## Assignment
Print exactly the lines below between the line holding "Ford-Thunderbird-1967-Diamond-Green-Green-36" and the line holding "Trendyism Boutique Robe", inclusive, and nothing more.

## Exercise materials
━━━━━━━━━━━━━━━━━━━━━━━━━━━━━━
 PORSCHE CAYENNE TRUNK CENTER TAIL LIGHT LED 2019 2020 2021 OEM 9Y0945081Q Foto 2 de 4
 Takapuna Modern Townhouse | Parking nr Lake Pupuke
━━━━━━━━━━━━━━━━━━━━━━━━━━━━━━
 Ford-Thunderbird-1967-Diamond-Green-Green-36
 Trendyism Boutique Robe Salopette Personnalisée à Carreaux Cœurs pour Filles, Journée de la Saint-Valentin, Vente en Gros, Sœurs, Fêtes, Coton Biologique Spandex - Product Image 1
━━━━━━━━━━━━━━━━━━━━━━━━━━━━━━
## Response to the task
 Ford-Thunderbird-1967-Diamond-Green-Green-36
 Trendyism Boutique Robe Salopette Personnalisée à Carreaux Cœurs pour Filles, Journée de la Saint-Valentin, Vente en Gros, Sœurs, Fêtes, Coton Biologique Spandex - Product Image 1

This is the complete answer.